Preheat oven 375 F. Halve the 3 zucchinis lengthwise. Hollow out the center of zucchini halves making a space for vegetable/meat filling. (Do not. hollow out too much of the center of the zucchini or the filling will not stay in the zucchini boat). Place zucchini halves in large baking pan with sides which has been sprayed with olive oil. In a large skillet, prepare filling by sauteing sausage on medium high heat until thoroughly cooked. Add onions, peppers, mushrooms, salt. pepper and garlic. Cook until tender, approximately 5 to 7 minutes. Add jar of Ragu pizza sauce, mixing well and heating through. Divide the filling into the 6 zucchini boats. Top with sliced tomatoes. Spray tops of tomatoes with olive oil spray. Cover with foil. Place in preheated oven and bake 25 to 30 minutes or until zucchinis are fork tender. The last five minutes, top with mozzarella cheese. Bake until melted.

Serves 6

entered by Kathy Rohrbach, Shrewsbury

2004 Pennsylvania "Simply Delicious, Simply Nutritious" Vegetable Recipe Contest


Asian Noodle Salad

Asian Noodle Salad
  • 6 oz Oriental Noodles
  • Dressing:
  • 3 T Soy Sauce - lite
  • 3 T Rice Vinegar
  • 1 T Sesame Oil
  • 1 tsp Sugar
  • 1/2 tsp Five Spice Powder
  • 1 clove Garlic - minced
  • Salad:
  • 1 c Cabbage - red, shredded
  • 1 c Carrots - coarsely shredded
  • 1 c Bell Peppers - strips
  • 1/2 c Green Onions - sliced
  • 1 c Snap Peas - fresh (blanched) or frozen
  • 8 oz Water Chestnuts - sliced, drained and rinsed
  • 2 T Sesame Seeds - toasted

Cook pasta to desired doneness as directed on package. Drain, rinse with cold water and let drain well. In small bowl combine dressing ingredients. Place cooked pasta in a medium bowl. Pour half of the dressing mix over pasta, tossing to coat. Cover and refrigerate 30 minutes to blend flavors.

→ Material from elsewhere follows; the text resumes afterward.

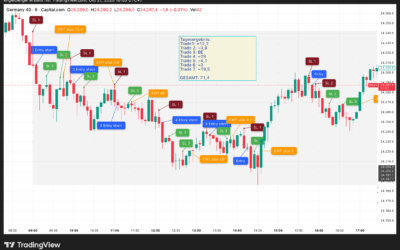 Strategietest „Umkehrstab“, Montag 27.10.2025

Combine marinated pasta, salad ingredients and remaining dressing, tossing to coat.

Serves 4

Recipe by: Kathy Rohrbaugh, Shrewsbury

Finalist - Appetizers/Snacks/Salads

2005 Pennsylvania "Simply Delicious, Simply Nutritious" Vegetable Recipe Contest


Garden Fresh Salsa

  • 2 Tomatoes - large, seeded, coarsely chopped
  • 1 to 2 Serrano Chile Peppers - seeded and chopped
  • 1/3 c Green Onions - chopped
  • 2 T Cilantro - fresh, chopped
  • 1 clove Garlic - minced
  • 2 T Lime Juice
  • 1/4 tsp Salt
  • 1/2 c Tomato Sauce

In a medium bowl, combine all ingredients and mix well. Cover and refrigerate until serving time. Serve with tortilla chips.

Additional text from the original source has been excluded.